▶ [Exercise objective]:
Take the line that contains "Chai tea served" and each line after it to the end of the material below, and return them exactly, minus the pictures.

▶ [Data below]:

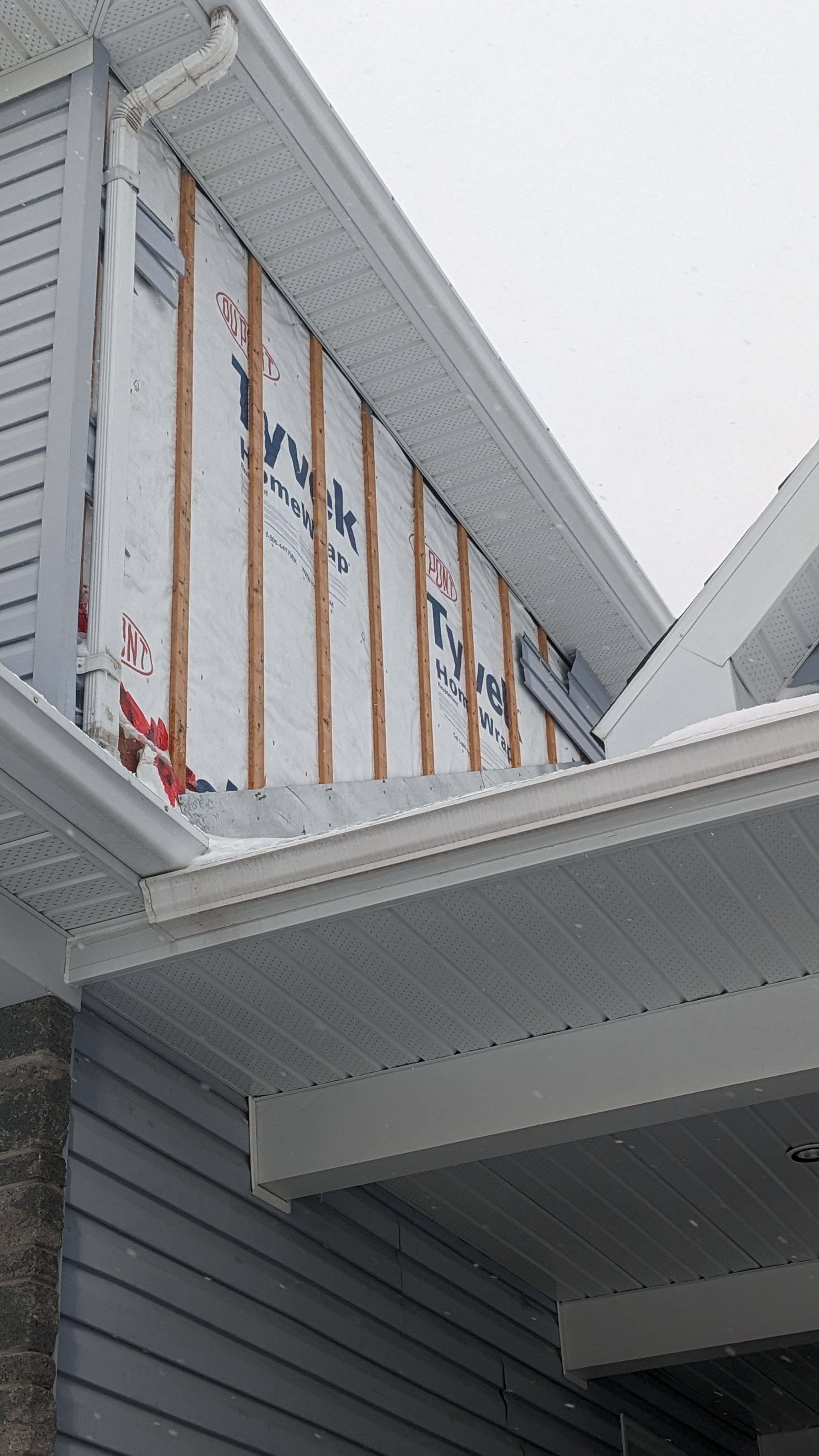 exterior Home siding blown off by strong wind. Wood and housewrap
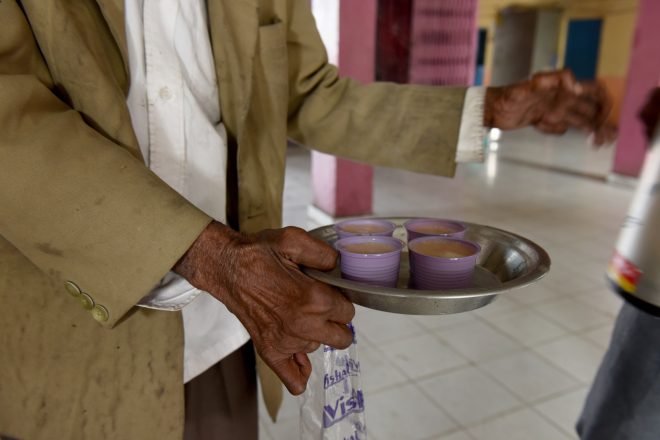 Chai tea served by a person affected by leprosy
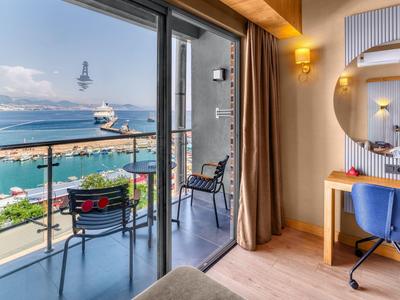Hotel room with balcony view of harbor, chairs and table outside, desk with mirror inside.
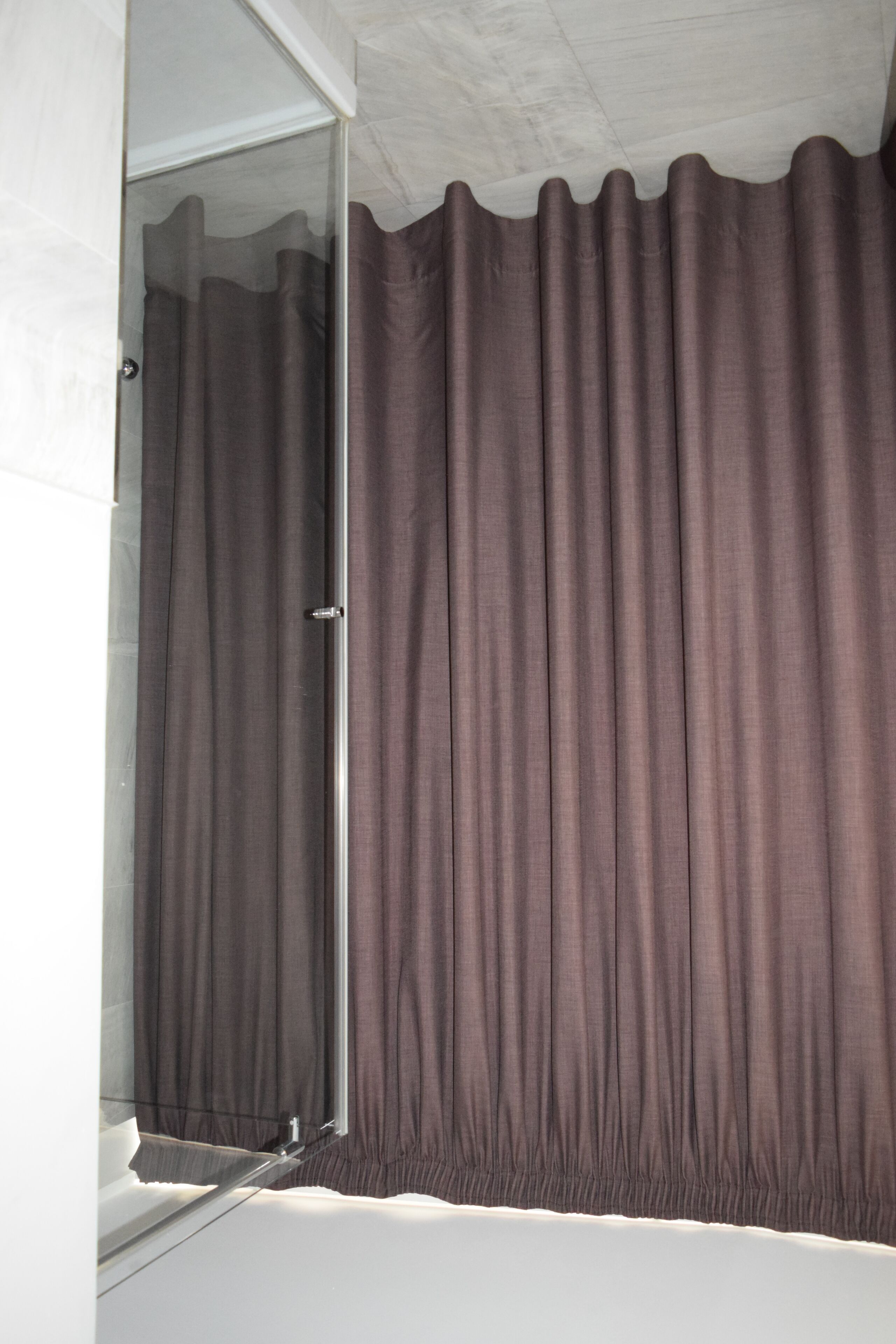 Un baño con ducha, puerta de cristal y cortina.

▶ [Written solution]:
 Chai tea served by a person affected by leprosy
Hotel room with balcony view of harbor, chairs and table outside, desk with mirror inside.
 Un baño con ducha, puerta de cristal y cortina.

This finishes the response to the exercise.